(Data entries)

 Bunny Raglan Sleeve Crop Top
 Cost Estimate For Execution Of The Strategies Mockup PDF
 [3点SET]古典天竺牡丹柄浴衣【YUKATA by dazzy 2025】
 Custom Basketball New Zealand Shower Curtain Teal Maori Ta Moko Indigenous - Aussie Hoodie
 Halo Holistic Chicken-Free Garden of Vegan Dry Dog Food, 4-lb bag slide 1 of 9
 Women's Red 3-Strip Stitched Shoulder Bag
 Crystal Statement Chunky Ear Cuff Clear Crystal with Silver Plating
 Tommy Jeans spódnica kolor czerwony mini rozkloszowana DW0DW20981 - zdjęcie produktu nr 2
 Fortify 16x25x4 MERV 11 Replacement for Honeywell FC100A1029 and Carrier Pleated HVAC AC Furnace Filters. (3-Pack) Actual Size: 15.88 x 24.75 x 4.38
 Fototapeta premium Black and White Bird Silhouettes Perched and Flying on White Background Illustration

*Task goal:* Every entry should be retyped exactly as shown.

*Solution to this problem:*
 Bunny Raglan Sleeve Crop Top
 Cost Estimate For Execution Of The Strategies Mockup PDF
 [3点SET]古典天竺牡丹柄浴衣【YUKATA by dazzy 2025】
 Custom Basketball New Zealand Shower Curtain Teal Maori Ta Moko Indigenous - Aussie Hoodie
 Halo Holistic Chicken-Free Garden of Vegan Dry Dog Food, 4-lb bag slide 1 of 9
 Women's Red 3-Strip Stitched Shoulder Bag
 Crystal Statement Chunky Ear Cuff Clear Crystal with Silver Plating
 Tommy Jeans spódnica kolor czerwony mini rozkloszowana DW0DW20981 - zdjęcie produktu nr 2
 Fortify 16x25x4 MERV 11 Replacement for Honeywell FC100A1029 and Carrier Pleated HVAC AC Furnace Filters. (3-Pack) Actual Size: 15.88 x 24.75 x 4.38
 Fototapeta premium Black and White Bird Silhouettes Perched and Flying on White Background Illustration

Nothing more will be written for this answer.